OnPrem.LLM includes a built-in Web app to access the LLM. To start it, run the following command after installation:

onprem --port 8000

Then, enter localhost:8000 (or <domain_name>:8000 if running on remote server) in a Web browser to access the application:


For more information, see the corresponding documentation.

Speeding Up Inference Using a GPU

The above example employed the use of a CPU. If you have a GPU (even an older one with less VRAM), you can speed up responses. See the LangChain docs on LLama.cpp for installing llama-cpp-python with GPU support for your system.

The steps below describe installing and using llama-cpp-python with cuBLAS support and can be employed for GPU acceleration on Linux and Google Colab, for example.

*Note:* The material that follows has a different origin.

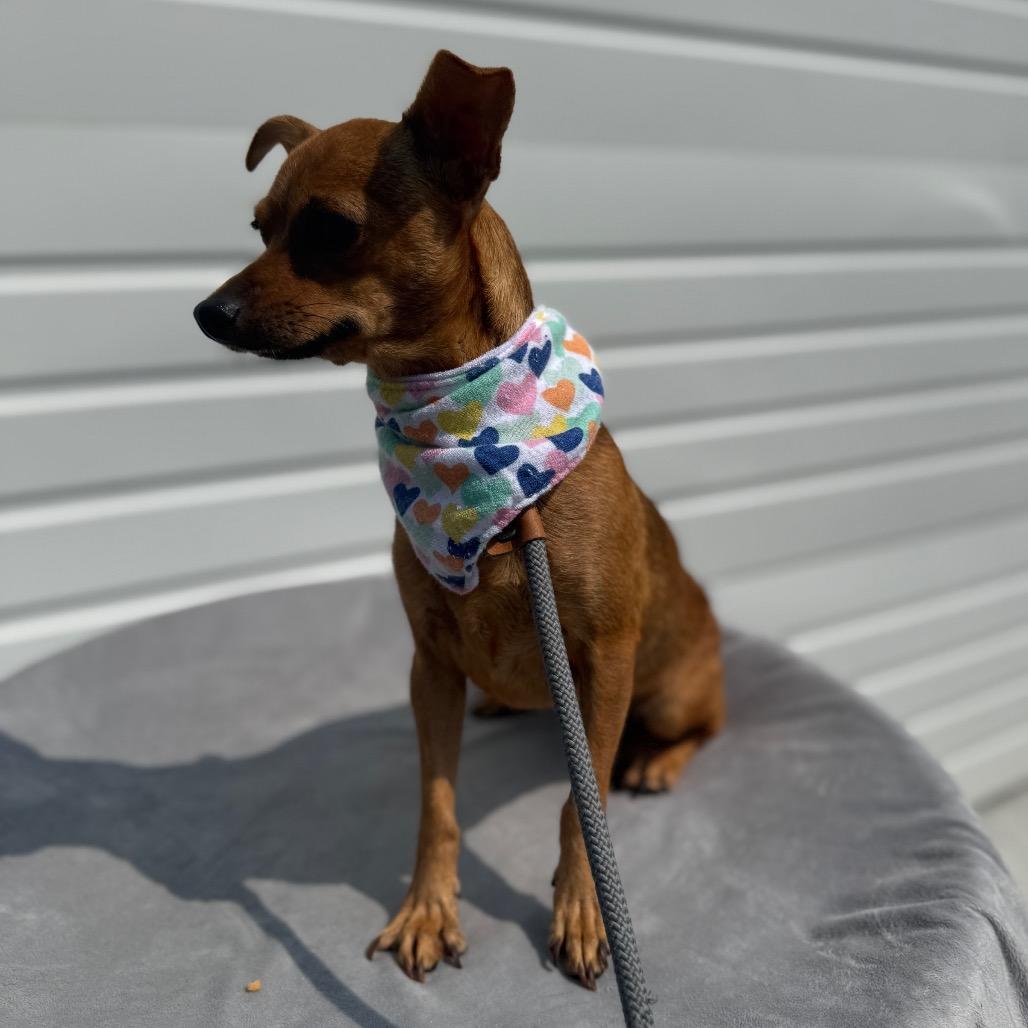 Keke, a Adoptable mixed breed in Newberg, OR image 3/6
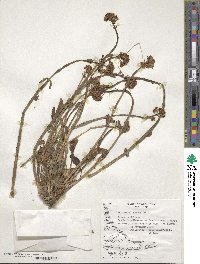 Valeriana carnosa image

Step 1: Install llama-cpp-python with cuBLAS support

CMAKE_ARGS="-DLLAMA_CUBLAS=on" FORCE_CMAKE=1 pip install --upgrade --force-reinstall llama-cpp-python --no-cache-dir

Step 2: Use the n_gpu_layers argument with LLM

llm = LLM(n_gpu_layers=35)

The value for n_gpu_layers depends on your GPU memory and the model you’re using (e.g., max of 35 for default 7B model). You can reduce the value if you get an error (e.g., CUDA error: out-of-memory). For instance, using two old NVDIDIA TITAN V GPUs each with 12GB of VRAM, 59 out 83 layers in a quantized Llama-2 70B model can be offloaded to the GPUs (i.e., 60 layers or more results in a “CUDA out of memory” error).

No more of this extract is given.